All numeric inputs must be finite. The package rejects NaN and Inf values in outcomes, predictions, covariates, and weights with clear validation errors.

library(ppiAIPW)

result = mean_inference(
    Y,
    Yhat,
    Yhat_unlabeled,
    method = "monotone_spline",
    alpha = 0.1
)

estimate = result$pointestimate
standard_error = result$se
lower = result$ci[[1]]
upper = result$ci[[2]]

summary(result)

mean_pointestimate()

Return only the point estimate when you do not need the full result object.

mean_se() and mean_ci()

Pull out uncertainty summaries directly for scripting or reporting pipelines.

method="auto"

Choose among "aipw", "linear", "monotone_spline", and "isotonic".

calibration_diagnostics()

Optional honest out-of-fold calibration check from a result or fitted model.

causal_inference()

Estimate arm means and control-vs-treatment ATEs from predicted potential outcomes.

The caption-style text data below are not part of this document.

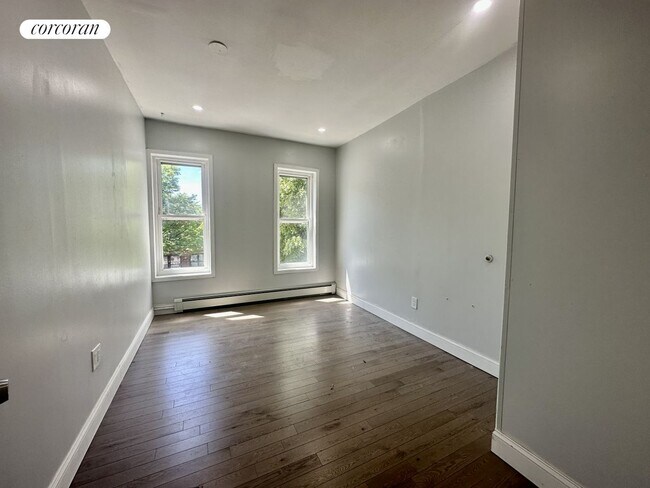 Building Photo - 437C Pulaski St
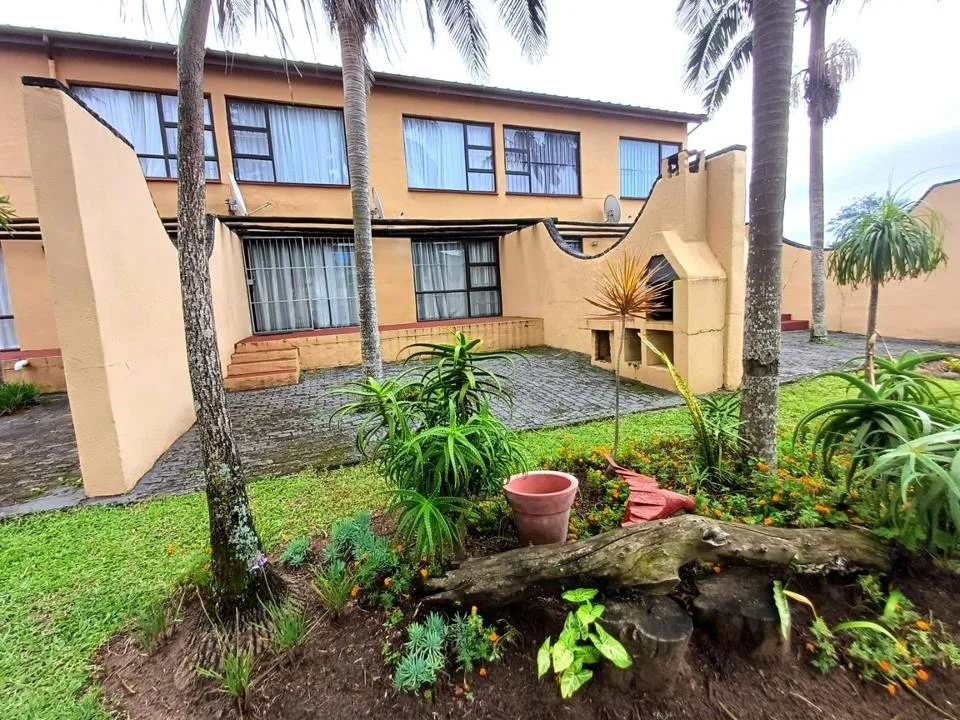 3 Bedroom Townhouse for sale in Port Edward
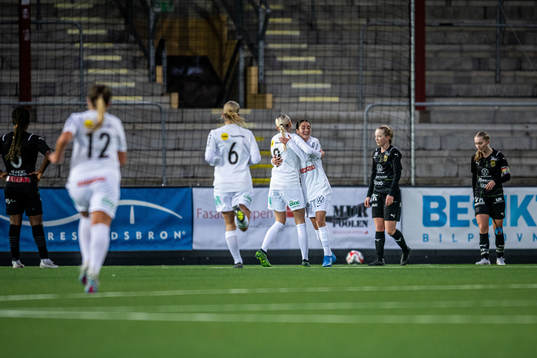 Brommapojkarnas Ellen Michelsson och Sirelle Maroutian
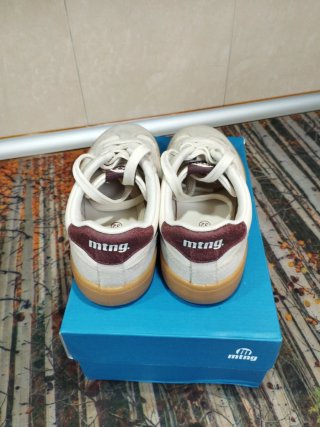 Zapatillas Mustang niña talla 32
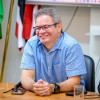 Com saúde e educação em 
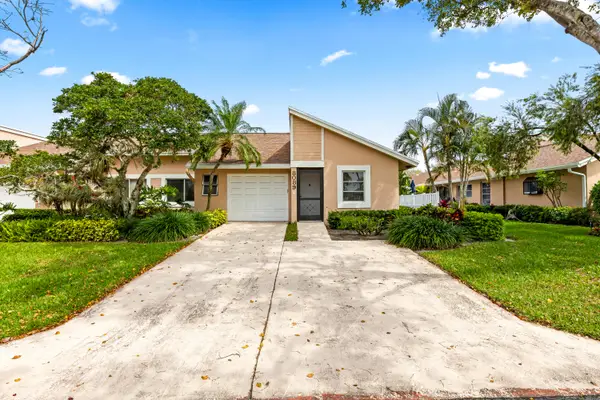 8089 Springtree Road, Boca Raton, FL 33496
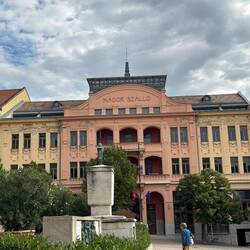 Sad, empty hotel - the victim of no parking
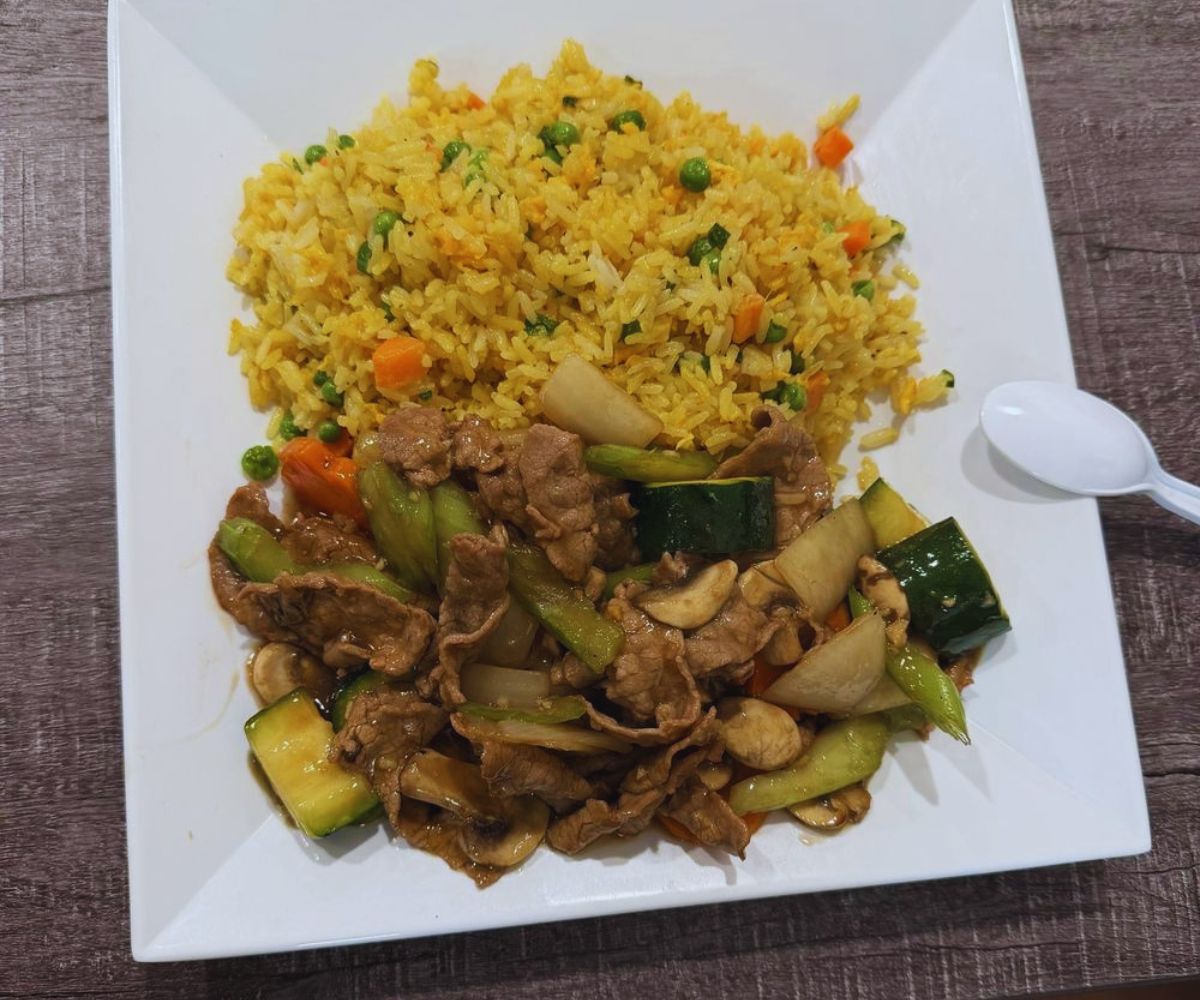 Pho M&N - Mushrooms Beef with Zucchini & Fried Rice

compute_two_sample_balancing_weights()

Construct nonnegative labeled-sample balancing weights.

Vignettes

Three starting points for R users

These documents live in the package source and install with the package, so they can be opened locally after installation.

Notes

R interface, same core workflow

The R package keeps the same core workflow as the Python package, with an R-native interface.

Core API

mean_inference(), mean_pointestimate(), mean_se(), mean_ci(), diagnostics, weights, and the causal wrapper are all available in R.

Result objects

Functions return S3 objects with print(), summary(), and plot() methods.

Install path

The package lives in r/ppiAIPW, so GitHub installs should use the repository subdirectory.